== Segment start ==

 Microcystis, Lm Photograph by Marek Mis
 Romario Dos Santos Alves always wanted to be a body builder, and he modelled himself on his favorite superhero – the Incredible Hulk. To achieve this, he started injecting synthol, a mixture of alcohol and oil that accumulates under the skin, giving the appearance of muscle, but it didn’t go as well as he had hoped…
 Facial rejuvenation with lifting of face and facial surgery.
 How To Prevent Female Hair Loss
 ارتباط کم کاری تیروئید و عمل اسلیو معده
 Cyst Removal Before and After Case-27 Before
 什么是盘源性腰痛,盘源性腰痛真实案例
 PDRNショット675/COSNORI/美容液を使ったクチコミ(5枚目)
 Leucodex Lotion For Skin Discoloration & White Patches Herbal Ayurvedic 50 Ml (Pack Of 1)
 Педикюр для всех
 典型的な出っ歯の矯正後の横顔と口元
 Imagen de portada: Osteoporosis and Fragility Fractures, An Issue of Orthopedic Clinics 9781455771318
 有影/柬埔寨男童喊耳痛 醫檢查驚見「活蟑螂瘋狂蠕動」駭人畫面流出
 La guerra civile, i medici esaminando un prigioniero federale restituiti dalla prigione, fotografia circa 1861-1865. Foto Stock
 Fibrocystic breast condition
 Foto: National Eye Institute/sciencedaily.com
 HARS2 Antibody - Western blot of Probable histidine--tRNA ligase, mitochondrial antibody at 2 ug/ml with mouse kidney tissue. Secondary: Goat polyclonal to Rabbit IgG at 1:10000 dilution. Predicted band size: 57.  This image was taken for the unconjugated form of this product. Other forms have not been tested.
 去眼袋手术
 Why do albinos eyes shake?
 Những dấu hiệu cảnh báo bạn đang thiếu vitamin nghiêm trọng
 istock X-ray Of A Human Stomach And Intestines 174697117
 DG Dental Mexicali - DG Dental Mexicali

== Segment end ==

TO DO:
Exactly the lines from the line holding "ارتباط کم کاری تیروئید و عمل اسلیو معده" through the close of the listing above make up the answer; include nothing else.

OUTPUT OF THE EXERCISE:
 ارتباط کم کاری تیروئید و عمل اسلیو معده
 Cyst Removal Before and After Case-27 Before
 什么是盘源性腰痛,盘源性腰痛真实案例
 PDRNショット675/COSNORI/美容液を使ったクチコミ(5枚目)
 Leucodex Lotion For Skin Discoloration & White Patches Herbal Ayurvedic 50 Ml (Pack Of 1)
 Педикюр для всех
 典型的な出っ歯の矯正後の横顔と口元
 Imagen de portada: Osteoporosis and Fragility Fractures, An Issue of Orthopedic Clinics 9781455771318
 有影/柬埔寨男童喊耳痛 醫檢查驚見「活蟑螂瘋狂蠕動」駭人畫面流出
 La guerra civile, i medici esaminando un prigioniero federale restituiti dalla prigione, fotografia circa 1861-1865. Foto Stock
 Fibrocystic breast condition
 Foto: National Eye Institute/sciencedaily.com
 HARS2 Antibody - Western blot of Probable histidine--tRNA ligase, mitochondrial antibody at 2 ug/ml with mouse kidney tissue. Secondary: Goat polyclonal to Rabbit IgG at 1:10000 dilution. Predicted band size: 57.  This image was taken for the unconjugated form of this product. Other forms have not been tested.
 去眼袋手术
 Why do albinos eyes shake?
 Những dấu hiệu cảnh báo bạn đang thiếu vitamin nghiêm trọng
 istock X-ray Of A Human Stomach And Intestines 174697117
 DG Dental Mexicali - DG Dental Mexicali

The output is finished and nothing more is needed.